MATERIAL AND METHODS

Overview of Study Area

Wushi County is situated in the southwest part of Xinjiang Uygur Autonomous Region, the western part of Aksu region, the northwestern edge of the Tarim Basin, the southern foot of the Tianshan Mountains, and the upper reaches of the Taushgan Darya. Its geographical coordinates are 78°23′41″ - 80°01′09″ E, 40°43′08″-41°51′12″N, covering an area of 9082 m² in total. Wushi County is in a warm continental semiarid climate zone with a mean annual temperature of 9.4°C, an extremely high temperature of 35.5°C, and an extremely low temperature of -26.6°C. The annual time of sunshine reaches 2750～2850 hours. And in the river valley plain area, the annual precipitation is 70～120 mm, the annual frost-free period lasts for 183-206 days, and the ≥10°C active accumulated temperature reaches 3200°C-3600°C. Meanwhile, the overall landform here is high in the northwest and low in the southeast, surrounded by mountains, with valleys in the middle. 59.9% area here is mountainous region, 27.6% is Gobi Desert, leaving only 12.5% area of valley plains. It is commonly known to have: a majority of mountainous region, large part of desert, and only a few applicable for crop planting. The average elevation here is 1,396 meters. And the county, which is located at 1,400 meters above sea level, relies on agriculture development. Its farming area all through the year is maintained at around 460,000 mu, planting wheat, corn, cotton, and rice as the main crops.

FIGURE 1
The study area.

Acquisition and Processing of Test Data

Processing of Remote Sensing Data

The data of Landsat 8 satellite, which was launched by NASA on February 11, 2013, were mainly used in this study. OLI is the main sensor that the satellite carries and includes 7 bands: coast/aerosol (430∼450nm), blue (450∼510) nm), green (530∼590 nm), red (640∼670nm), near infrared (850∼880nm), shortwave infrared 1 (1570∼1650nm) and shortwave infrared 2 (2110∼2290nm). For all bands mentioned above, their spatial resolutions are all 30m. According to the development period characteristics of the main crop --- winter wheat in the study area, the Landsat 8 OLI satellite images covering the entire study area on May 15, 2017, were selected in this paper.

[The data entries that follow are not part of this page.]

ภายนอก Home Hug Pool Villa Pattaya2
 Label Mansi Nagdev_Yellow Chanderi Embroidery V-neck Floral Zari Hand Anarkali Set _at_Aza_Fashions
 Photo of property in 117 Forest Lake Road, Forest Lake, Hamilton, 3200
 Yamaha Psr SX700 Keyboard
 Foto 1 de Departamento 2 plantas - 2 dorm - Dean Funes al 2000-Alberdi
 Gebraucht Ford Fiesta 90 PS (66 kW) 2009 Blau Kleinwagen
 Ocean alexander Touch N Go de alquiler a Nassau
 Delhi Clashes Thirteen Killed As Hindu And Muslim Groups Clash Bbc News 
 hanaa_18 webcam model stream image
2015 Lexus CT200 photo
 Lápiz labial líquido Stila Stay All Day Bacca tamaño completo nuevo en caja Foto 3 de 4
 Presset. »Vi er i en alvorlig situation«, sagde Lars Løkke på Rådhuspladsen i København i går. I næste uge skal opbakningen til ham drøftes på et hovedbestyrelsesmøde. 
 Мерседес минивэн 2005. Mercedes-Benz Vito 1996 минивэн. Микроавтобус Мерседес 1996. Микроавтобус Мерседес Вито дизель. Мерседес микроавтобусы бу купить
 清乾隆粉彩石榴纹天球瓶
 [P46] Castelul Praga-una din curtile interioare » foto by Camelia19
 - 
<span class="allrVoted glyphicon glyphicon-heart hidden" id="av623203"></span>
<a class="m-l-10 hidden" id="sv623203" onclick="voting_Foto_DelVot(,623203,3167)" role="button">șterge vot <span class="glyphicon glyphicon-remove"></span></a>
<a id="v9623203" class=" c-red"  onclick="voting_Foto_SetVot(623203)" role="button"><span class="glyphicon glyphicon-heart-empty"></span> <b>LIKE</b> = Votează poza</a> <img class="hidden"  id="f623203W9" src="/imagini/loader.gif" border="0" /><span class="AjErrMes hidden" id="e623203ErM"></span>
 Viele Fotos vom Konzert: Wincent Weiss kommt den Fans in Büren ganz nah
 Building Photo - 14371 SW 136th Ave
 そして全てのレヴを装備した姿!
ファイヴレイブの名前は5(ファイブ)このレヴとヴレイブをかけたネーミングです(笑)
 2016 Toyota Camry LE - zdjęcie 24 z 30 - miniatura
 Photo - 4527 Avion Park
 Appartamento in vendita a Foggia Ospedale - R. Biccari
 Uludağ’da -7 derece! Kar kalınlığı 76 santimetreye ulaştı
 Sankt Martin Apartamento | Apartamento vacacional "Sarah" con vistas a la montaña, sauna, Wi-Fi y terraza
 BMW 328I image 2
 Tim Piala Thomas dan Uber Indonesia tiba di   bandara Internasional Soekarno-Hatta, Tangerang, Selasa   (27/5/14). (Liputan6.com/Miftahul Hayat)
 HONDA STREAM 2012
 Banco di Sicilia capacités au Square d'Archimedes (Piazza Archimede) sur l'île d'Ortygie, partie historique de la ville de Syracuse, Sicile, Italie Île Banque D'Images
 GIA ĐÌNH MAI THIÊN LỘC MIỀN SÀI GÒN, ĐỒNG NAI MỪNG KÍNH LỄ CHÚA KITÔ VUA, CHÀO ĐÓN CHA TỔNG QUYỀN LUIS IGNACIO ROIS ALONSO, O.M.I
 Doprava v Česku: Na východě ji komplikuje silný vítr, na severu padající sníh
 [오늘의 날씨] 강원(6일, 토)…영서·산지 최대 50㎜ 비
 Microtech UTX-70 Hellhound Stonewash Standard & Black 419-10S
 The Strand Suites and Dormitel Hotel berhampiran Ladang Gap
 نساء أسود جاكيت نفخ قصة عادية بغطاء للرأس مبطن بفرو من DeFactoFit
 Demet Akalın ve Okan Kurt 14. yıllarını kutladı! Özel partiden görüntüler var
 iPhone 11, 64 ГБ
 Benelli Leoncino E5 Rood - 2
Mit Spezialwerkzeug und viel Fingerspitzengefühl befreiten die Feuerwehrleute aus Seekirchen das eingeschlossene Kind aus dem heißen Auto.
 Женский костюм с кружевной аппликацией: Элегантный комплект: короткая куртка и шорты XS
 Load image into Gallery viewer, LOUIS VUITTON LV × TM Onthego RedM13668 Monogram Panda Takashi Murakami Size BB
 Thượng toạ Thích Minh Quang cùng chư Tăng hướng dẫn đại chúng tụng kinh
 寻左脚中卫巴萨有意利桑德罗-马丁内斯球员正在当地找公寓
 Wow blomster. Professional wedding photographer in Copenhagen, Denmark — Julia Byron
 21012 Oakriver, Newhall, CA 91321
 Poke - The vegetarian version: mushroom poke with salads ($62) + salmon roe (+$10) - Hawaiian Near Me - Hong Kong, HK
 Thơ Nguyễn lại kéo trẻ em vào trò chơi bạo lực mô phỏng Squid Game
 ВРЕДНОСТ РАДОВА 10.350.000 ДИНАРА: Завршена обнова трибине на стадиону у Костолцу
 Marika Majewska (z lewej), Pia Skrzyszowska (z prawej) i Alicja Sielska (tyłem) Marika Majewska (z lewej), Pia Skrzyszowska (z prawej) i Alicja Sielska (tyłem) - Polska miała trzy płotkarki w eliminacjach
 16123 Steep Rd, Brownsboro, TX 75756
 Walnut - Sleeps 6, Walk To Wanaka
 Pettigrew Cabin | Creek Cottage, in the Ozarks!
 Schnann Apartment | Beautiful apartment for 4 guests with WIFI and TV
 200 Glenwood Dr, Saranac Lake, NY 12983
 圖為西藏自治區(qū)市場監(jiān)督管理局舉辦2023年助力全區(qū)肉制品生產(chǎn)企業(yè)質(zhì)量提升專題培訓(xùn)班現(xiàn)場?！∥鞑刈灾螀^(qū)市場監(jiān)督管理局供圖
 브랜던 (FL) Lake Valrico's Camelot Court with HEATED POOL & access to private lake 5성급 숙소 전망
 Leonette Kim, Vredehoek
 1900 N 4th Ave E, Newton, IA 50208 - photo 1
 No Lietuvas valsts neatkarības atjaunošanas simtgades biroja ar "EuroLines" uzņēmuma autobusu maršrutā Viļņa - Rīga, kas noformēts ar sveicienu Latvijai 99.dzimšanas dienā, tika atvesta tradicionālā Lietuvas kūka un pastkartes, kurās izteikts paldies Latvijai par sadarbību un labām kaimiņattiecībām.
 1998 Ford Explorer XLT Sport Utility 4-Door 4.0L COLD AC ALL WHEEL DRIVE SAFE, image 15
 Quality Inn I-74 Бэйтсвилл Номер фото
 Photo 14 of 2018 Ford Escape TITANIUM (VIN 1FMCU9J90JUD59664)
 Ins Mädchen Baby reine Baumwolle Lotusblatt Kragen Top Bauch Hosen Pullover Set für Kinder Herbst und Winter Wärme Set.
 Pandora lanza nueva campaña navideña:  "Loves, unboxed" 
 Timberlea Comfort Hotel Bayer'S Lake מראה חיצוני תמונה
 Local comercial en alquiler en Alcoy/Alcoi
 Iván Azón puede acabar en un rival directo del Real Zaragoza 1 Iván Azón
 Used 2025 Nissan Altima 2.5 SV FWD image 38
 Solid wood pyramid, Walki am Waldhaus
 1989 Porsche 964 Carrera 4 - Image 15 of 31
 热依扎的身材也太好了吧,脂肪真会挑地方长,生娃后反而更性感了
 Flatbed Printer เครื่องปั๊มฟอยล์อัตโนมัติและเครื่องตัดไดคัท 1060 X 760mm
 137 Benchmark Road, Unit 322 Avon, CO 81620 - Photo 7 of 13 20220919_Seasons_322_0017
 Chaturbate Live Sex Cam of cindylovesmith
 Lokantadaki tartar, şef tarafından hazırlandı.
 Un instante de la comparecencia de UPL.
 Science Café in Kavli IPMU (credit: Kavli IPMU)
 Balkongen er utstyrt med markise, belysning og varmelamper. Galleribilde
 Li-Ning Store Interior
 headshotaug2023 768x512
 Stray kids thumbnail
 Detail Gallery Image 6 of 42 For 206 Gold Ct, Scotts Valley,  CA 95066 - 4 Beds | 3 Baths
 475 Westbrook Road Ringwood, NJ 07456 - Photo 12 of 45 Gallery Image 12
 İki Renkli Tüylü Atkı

The ENVI 5.0 software was applied to conduct radiometric calibration, atmospheric correction, and geometric correction on the acquired remote sensing images. The radiometric calibration formula is as follow:

L_{z} (λ_{z}) = G a i n \times D N + B i a s

Where,

L_z(λ_z) refers to the spectral radiance at the entrance pupil of the sensor;

Gain refers to the calibration slope;

DN refers to the image gray value, and

Bias refers to the calibration intercept. Both Gain and Bias were provided by the satellite data supplier, which could be read from the metadata file of the original Landsat image. The radiation calibration coefficients of each band of Landsat 8 OLI are as shown in Table 1.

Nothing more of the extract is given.